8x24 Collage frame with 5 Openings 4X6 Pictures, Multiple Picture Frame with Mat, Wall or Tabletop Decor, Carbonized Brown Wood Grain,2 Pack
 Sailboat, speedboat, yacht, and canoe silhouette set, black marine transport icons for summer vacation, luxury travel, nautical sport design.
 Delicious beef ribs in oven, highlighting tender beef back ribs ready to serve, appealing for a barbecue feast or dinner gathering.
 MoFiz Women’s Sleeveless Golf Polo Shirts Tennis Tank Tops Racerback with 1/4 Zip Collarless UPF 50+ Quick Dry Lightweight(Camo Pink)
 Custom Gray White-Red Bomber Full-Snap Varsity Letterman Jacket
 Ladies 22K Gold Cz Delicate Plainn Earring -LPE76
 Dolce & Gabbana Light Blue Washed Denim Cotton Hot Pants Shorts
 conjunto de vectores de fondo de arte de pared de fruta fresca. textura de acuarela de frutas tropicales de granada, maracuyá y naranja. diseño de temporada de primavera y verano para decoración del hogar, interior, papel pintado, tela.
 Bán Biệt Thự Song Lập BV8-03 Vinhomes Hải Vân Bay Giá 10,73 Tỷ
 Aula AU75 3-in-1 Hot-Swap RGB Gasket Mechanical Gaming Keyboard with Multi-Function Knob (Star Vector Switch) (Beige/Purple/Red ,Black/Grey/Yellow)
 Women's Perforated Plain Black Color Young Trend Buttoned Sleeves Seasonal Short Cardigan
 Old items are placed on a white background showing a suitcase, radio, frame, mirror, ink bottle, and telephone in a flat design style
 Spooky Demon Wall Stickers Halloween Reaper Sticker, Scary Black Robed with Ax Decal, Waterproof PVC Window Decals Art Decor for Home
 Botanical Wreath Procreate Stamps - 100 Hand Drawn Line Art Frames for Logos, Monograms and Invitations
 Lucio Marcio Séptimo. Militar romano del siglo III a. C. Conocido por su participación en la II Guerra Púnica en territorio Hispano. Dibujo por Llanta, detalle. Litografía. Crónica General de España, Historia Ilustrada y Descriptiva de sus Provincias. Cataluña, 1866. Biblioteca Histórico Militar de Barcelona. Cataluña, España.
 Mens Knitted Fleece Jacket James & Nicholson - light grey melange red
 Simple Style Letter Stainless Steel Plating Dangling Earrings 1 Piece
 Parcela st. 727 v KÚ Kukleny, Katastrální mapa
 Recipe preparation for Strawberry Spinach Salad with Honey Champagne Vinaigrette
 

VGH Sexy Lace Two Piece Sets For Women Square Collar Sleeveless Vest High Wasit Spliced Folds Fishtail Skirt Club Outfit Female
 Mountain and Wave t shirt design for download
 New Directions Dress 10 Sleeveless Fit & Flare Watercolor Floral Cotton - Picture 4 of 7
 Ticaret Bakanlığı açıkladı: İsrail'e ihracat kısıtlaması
---------------
● Your objective
Count each line of the data where the word "Sleeveless" appears, then reply with the total only.

● Task response
3